Sea Lion Press is built around producing Alternative or Alternate History content and implicit in that goal is the assumption that there is value in Alt History literature. But obviously nobody would suggest that every single story has to be set in an alternate timeline. Pride and Prejudice would not be better if there was a subplot about how the Union of Crowns had never happened.


So what is the advantage of it as a literary device? What does it add to a story, when is it useful and when is it not?


First, lets talk about what we define as Alternative History. To an extent all fiction is alternative history. Jane Eyre depicts a plot that did not happen in our own timeline because events before the start of the book, in this case the birth of Jane Eyre, have altered the country the book is set in. But you wouldn’t advertise it as such because it depicts the same culture merely with added fictional people. What we are talking about is a story set in a recognisable Earth country, so Vietnam rather than Westeros, but one in which there are visible societal and political differences to our own. It’s essentially a middle ground in terms of societal depictions. Trainspotting, on one end of the scale, puts its fictional characters in a real society, Lord of the Rings puts its fictional characters in an entirely fictional society, AH uses instead merely an altered society.


Tom Black, the founder of Sea Lion Press, said in a youtube interview a few years back that in his view AH wasn’t a genre like Romance but a setting. Genres often dictate story beats, a Romance starts here and has this and then goes here whereas an action story covers this instead. AH doesn’t dictate the beats of the story to the same extent, instead you can tell either a romance or an action story within that setting.

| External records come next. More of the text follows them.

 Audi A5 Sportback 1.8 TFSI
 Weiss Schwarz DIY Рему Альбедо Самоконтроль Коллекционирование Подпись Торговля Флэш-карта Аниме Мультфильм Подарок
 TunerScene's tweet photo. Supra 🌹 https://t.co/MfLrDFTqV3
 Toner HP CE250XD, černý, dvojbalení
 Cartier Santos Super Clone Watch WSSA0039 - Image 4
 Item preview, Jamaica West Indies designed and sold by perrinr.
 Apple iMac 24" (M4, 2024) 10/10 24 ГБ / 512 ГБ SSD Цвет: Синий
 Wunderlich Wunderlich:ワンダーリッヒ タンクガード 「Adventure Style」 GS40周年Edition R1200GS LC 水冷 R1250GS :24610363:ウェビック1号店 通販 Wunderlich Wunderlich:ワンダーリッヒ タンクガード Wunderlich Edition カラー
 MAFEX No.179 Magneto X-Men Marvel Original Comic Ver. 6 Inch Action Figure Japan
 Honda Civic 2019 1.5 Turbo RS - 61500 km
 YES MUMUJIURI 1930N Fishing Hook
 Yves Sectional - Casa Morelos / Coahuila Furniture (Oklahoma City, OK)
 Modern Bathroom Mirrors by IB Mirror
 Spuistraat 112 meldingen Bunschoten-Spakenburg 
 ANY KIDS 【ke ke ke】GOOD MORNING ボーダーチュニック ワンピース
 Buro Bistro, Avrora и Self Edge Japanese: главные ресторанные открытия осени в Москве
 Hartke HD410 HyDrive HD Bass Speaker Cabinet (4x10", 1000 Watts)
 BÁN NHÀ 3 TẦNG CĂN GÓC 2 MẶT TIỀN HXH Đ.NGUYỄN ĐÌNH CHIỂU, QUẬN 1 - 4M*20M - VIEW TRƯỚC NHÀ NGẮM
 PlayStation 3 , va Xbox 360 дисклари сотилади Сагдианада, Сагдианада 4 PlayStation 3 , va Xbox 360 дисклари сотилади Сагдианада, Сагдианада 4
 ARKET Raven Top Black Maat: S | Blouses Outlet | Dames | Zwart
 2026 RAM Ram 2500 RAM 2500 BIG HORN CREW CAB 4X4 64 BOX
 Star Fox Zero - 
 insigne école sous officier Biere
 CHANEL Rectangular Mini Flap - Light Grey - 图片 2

George RR Martin, in his book Dreamsongs, went further still and argued that most genres have the same beats. You can write a scene wherein a traveller arrives in a new area and fights an unfriendly stranger and depending on the setting that is sci-fi, or a western or a war story or a fantasy or a gang story. The genre according to Martin often isn’t dictated by the story beats but rather the set dressing. AH is a set dressing genre the way Westerns are, not a story beat genre the way Romance is. To an extent this goes back to the monomyth idea, Christopher Booker has argued there are only seven basic plots in terms of story beats in the world and so it’s the set dressing where innovation happens.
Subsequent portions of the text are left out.